Ah yes, the holidays. A time when families gather together at the old homestead, take sleigh rides, sip cocoa before the fire. This is a season when every boy and girl is at their best behavior and mother and father spend each idle moment in warm embraces and pleasant exchanges.
Okay, who am I kidding? Life is not that way and neither are the holidays. In fact, I have never been on a sleigh ride and have rarely seen one of my children, or my nieces or nephews (even the ones not in jail) at their best behavior. What usually transpires are cryptic threats to the children like, “If you don’t get this room clean Santa Clause is going to leave you underwear – do you understand me?!” Or how about when all of the extended families come together and secretly everyone is assessing each other to see who has gained weight, whose kids are the brightest (mine are, by the way), and who is having trouble at work.

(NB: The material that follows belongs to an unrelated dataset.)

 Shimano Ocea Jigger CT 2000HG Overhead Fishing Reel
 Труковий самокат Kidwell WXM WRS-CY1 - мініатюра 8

We rush from home dragging our children in tow, along with our casseroles, sweet potato pie and some new recipe from Southern Living. Why do we do it? Why do families do this every year from coast to coast, sea to shining sea? I believe at the heart of the matter it is because we need one another. We really do not need our accomplishments or failures; we do not need our insightful ideas, inspirations or bragging rights. We just need each other. Christian Morgenstern wrote: “Home is not where you live, but where they understand you.” Well, I am sure there are times that our families back home may not always understand us. But that’s okay – we are family after all.
And so we are as God’s people. We are family here too. A spiritual home. A place where we make and cherish memories. As Christmas is now upon us, may you and yours be at peace and find your welcome in this home of God.
Amy, the boys and I want to thank you for being “home” to us in this community and especially within this church family.